Honda Civic i-CTDi EX GT 5dr

Current class leader still makes a compelling case for itself.

Family cars don’t come much better than the Civic. The futuristic model is our reigning New Car Honours champion in the compact hatchback sector. Yet Honda isn’t resting on its laurels. To meet the challenge of newcomers such as the VW Golf and Renault Mégane, the Japanese firm has tweaked its popular hatchback.

From the outside, the only major difference is a new grille, which now features a pair of intakes either side of the Honda logo. Revised rear light clusters also help to provide a fresh look, but otherwise the Civic retains the space-age shape and stubby proportions of the old car.

It’s the same story inside, too, so the cabin continues to split opinion. People either love or loathe its futuristic layout – although nobody can deny the switchgear has a quality feel. Unfortunately, the driving position is still flawed, as the seat doesn’t lower far enough for all motorists to get comfortable behind the wheel.

Trim levels have been brought into line with the Accord, and EX GT spec includes climate control, a panoramic sunroof and integrated sat-nav all as standard. What the Civic has in abundance is practicality. The huge 485-litre boot is 113 litres larger than the Mégane’s, the next biggest of the cars on test, and you get Jazz-style fold and tumble rear seats. It’s the only model here with such a versatile cabin, making the Civic easily the most practical choice.

The Honda also has more capacity than its rivals under the bonnet, thanks to the 2.2-litre i-CTDi engine. A power output of 138bhp matches the 2.0-litre Golf’s, but its 340Nm torque rating ranks it ahead of all three rivals. And the Civic makes the most of its advantage, too: at the test track it was the fastest from a standstill, racing from 0-60mph in 8.8 seconds – seven-tenths-of-a-second quicker than its closest competitor.

The diesel engine revs smoothly and quickly with little turbo lag, but it lacks immediate punch when you floor the accelerator.
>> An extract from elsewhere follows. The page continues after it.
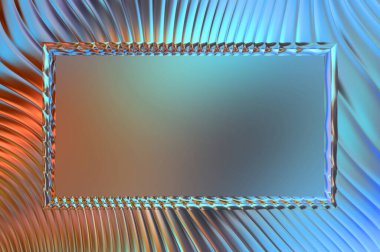 Soyut çerçeveli arkaplan. Renkli, canlı, dalgalı bir duvar kağıdı. Merkezi çerçeveli yaratıcı grafik 2d çizim. Dinamik şekilli modaya uygun sıvı örtüsü.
Instead, you have to use all of the revs, which explains why the Honda’s dominance doesn’t extend to the in-gear test times: it was slower from 30-50mph in fourth gear than all of its rivals. On the road, the Civic is more at home on twisty country lanes than on motorways. Its agile handling, precise steering and firm damping combine with its petrol-like power delivery to make it an entertaining drive. However, its hard suspension doesn’t deal with ruts and potholes as effectively as in the Focus or Golf, and it lacks the refinement of its rivals. As a long-distance companion, it soon becomes a drag.

The top-of-the-range Civic looks expensive, yet it comes with generous standard kit. Honda’s excellent dealer network, plus the car’s strong resale values and good fuel economy, ensure it puts up a strong defence of its crown.


Price: £20,500 (est)Model tested: Honda Civic i-CTDi EX GT 5drChart position: 2WHY: Our reigning champ has received some minor tweaks – and is the car to beat here.